What is required
The expected output is exactly the lines below, starting at the line with "Кофе Paulig Presidentti" and ending at the line with "Gentleman Code - Eavis", both included; no other line belongs in it.

Exercise data
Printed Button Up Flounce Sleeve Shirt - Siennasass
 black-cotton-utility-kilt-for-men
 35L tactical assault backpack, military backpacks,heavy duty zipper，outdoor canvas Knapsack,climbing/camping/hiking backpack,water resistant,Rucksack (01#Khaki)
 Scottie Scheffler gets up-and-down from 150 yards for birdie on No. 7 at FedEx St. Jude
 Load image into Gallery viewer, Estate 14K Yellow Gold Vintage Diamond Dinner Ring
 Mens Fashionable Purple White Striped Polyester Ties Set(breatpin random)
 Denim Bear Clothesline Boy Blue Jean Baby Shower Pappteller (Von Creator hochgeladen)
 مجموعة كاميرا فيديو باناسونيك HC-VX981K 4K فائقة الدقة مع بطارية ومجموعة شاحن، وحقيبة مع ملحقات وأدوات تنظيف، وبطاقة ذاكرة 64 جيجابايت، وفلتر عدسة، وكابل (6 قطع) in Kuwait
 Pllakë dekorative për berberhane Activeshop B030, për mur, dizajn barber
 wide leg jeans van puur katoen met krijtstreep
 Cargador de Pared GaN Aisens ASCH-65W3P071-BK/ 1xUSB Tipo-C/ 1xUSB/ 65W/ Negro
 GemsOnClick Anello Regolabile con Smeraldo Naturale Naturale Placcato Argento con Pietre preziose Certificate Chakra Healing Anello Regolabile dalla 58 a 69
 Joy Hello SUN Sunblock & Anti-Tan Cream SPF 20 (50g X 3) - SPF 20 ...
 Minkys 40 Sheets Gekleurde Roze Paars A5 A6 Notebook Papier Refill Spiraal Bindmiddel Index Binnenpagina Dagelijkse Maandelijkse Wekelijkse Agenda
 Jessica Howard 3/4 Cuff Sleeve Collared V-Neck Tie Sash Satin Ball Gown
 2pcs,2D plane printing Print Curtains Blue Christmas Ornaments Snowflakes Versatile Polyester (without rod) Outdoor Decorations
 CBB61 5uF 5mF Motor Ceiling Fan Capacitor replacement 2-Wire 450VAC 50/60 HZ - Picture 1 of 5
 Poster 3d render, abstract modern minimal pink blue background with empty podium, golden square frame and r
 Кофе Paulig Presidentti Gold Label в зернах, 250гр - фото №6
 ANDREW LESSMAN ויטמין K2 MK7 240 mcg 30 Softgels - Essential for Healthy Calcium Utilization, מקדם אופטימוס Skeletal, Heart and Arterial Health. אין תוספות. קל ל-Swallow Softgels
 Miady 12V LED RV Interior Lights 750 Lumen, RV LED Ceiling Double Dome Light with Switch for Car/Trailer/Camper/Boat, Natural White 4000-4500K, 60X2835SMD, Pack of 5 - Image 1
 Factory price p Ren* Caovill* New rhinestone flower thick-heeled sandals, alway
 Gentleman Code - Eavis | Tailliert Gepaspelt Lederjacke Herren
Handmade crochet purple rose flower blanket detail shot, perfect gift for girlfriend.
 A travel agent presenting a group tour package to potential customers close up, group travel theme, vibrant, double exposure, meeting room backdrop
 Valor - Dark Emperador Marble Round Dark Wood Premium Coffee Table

Response to the task
 Кофе Paulig Presidentti Gold Label в зернах, 250гр - фото №6
 ANDREW LESSMAN ויטמין K2 MK7 240 mcg 30 Softgels - Essential for Healthy Calcium Utilization, מקדם אופטימוס Skeletal, Heart and Arterial Health. אין תוספות. קל ל-Swallow Softgels
 Miady 12V LED RV Interior Lights 750 Lumen, RV LED Ceiling Double Dome Light with Switch for Car/Trailer/Camper/Boat, Natural White 4000-4500K, 60X2835SMD, Pack of 5 - Image 1
 Factory price p Ren* Caovill* New rhinestone flower thick-heeled sandals, alway
 Gentleman Code - Eavis | Tailliert Gepaspelt Lederjacke Herren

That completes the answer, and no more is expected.